FIG. 1 is a configuration diagram showing a reference example serving as a basis of an embodiment of an optical head device according to the present invention.

FIG. 2 is a diagram illustrating the optical element of FIG. 1;

FIG. 3 is a diagram illustrating the principle of autofocus in the present invention.

FIG. 4 is a diagram illustrating the principle of autofocus in the present invention.

FIG. 5 is a diagram illustrating the principle of auto tracking according to the present invention.

FIG. 6 is a diagram showing the principle of auto tracking according to the present invention.

FIG. 7 is a diagram illustrating the principle of auto tracking according to the present invention.

FIG. 8 is a diagram illustrating a method for manufacturing an optical element used in the present invention.

FIG. 9 is a view illustrating a method of manufacturing an optical element used in the present invention.

FIG. 10 is a diagram illustrating a method for manufacturing an optical element used in the present invention.

FIG. 11 is a diagram illustrating a method of manufacturing an optical element used in the present invention.

FIG. 12 is a configuration diagram showing a reference example serving as a basis for an embodiment of the optical head device of the present invention.

FIG. 13 is a configuration diagram showing an embodiment of the optical head device of the present invention.

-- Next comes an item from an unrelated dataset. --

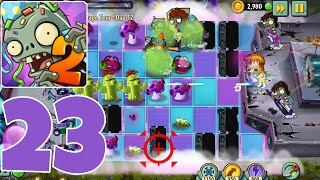 Neon Mixtape Tour Level 21 - 32 | Plant vs Zombies 2 Gameplay Indonesia Part 23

FIG. 14 is a configuration diagram showing another reference example serving as a basis for an optical head device according to an embodiment of the present invention.

FIG. 15 is a configuration diagram showing a conventional optical head device.

[Explanation of symbols]

 DESCRIPTION OF SYMBOLS 1 Semiconductor laser 4 Polarization beam splitter 5 Objective lens 6 Information recording surface 7 Optical element 9, 30 Photodetector 28 Analyzer

 ──────────────────────────────────────────────────続 き Continuation of the front page (56) References JP-A-61-151844 (JP, A) JP-A-61-162839 (JP, A) JP-A-61-178740 (JP, A) JP-A-61-178740 230634 (JP, A) Actually open sho 61-203427 (JP, U)

Claims (1)

(57) [Claims] 1. A light source for irradiating a light beam to an information carrier, and a light splitter disposed between the light source and the information carrier for separating a light beam reflected by the information carrier from a light beam emitted from the light source An optical element having a diffraction grating on which the reflected light beam split by the light splitter is incident; a first photodetector for detecting the light beam diffracted by the optical element; and a light beam transmitted through the optical element And a control signal for auto-focusing and auto-tracking is detected by the first photo-detector.
An optical head device wherein an information signal recorded on the information carrier is detected by the photodetector.